Черчилль. Биография - Мартин Гилберт
Шрифт:
Интервал:
Закладка:
Черчилль не знал, что 31 октября Чемберлен сказал в кабинете министров: «Много патетических слов звучало по поводу перевооружения, словно одним из результатов Мюнхенского соглашения стала необходимость интенсифицировать наши программы перевооружения. Но ускорение выполнения существующих программ – это одно, а расширение их, которое привело бы к новой гонке вооружений, – совсем другое». Чемберлен предложил не отходить от мюнхенского курса, поскольку, как он сказал коллегам, они «направлены на укрепление хороших отношений».
Не знал Черчилль и того, что в секретном меморандуме от 25 октября, распространенном среди членов кабинета, новый министр авиации сэр Кингсли Вуд сообщил своим коллегам: «Совершенно ясно, что нашим программам развития не хватало перспективного анализа и мы недооценивали возможности и намерения Германии».

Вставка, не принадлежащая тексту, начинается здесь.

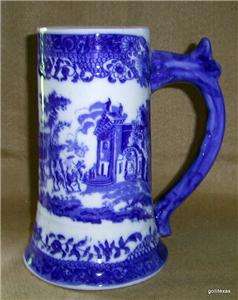 Victoria Ware Ironstne Oversize Tankard Blue & White 8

17 ноября, выступив за создание министерства поставок, Черчилль призвал парламентариев-консерваторов «заднескамеечников» присоединиться и поддержать резолюцию Либеральной партии. «Досточтимые джентльмены сзади, – сказал он, – связанные обязательствами и лояльные правительству его величества в любых обстоятельствах, видимо, не представляют себе, насколько большая возложена на них власть и ответственность. Выскажись они всего лишь три года назад – и насколько другой была бы у нас сегодня ситуация с производством вооружений! Увы, они этого не сделали. Создание министерства поставок никак не заденет правительство, – продолжал он, – но побудит его действовать. Это будет по-настоящему энергичное движение вперед. Это не партийный вопрос, это не имеет ничего общего с партией; это затрагивает безопасность страны в самом широком смысле».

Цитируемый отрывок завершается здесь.